Work task: All that is wanted is the exact text of the lines below from the one with "Greek Salad ·" through the one with "Young positive dark", inclusive, minus any pictures.

Information provided:

_ _ _ _ _

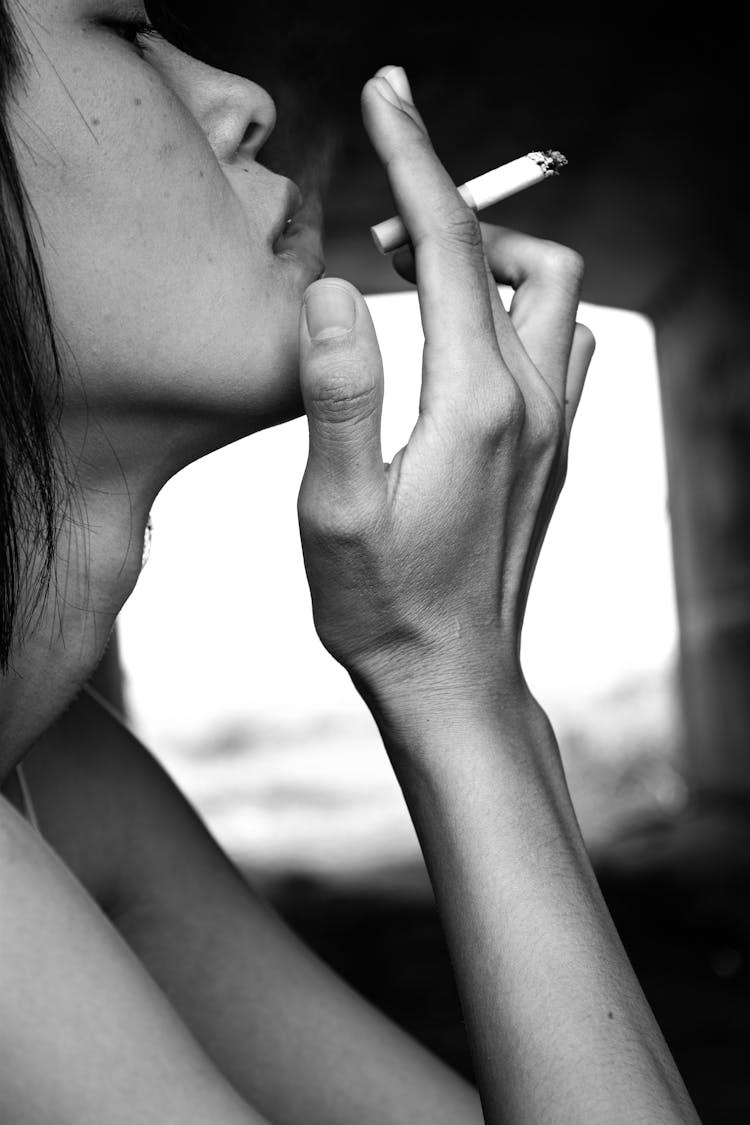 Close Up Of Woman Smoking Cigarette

_ _ _ _ _

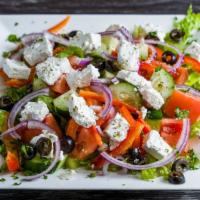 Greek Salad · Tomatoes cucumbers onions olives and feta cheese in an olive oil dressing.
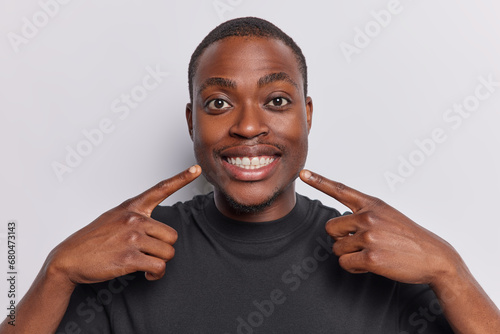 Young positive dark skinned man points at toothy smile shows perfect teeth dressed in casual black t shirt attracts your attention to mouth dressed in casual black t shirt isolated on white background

_ _ _ _ _

The answer:
 Greek Salad · Tomatoes cucumbers onions olives and feta cheese in an olive oil dressing.
 Young positive dark skinned man points at toothy smile shows perfect teeth dressed in casual black t shirt attracts your attention to mouth dressed in casual black t shirt isolated on white background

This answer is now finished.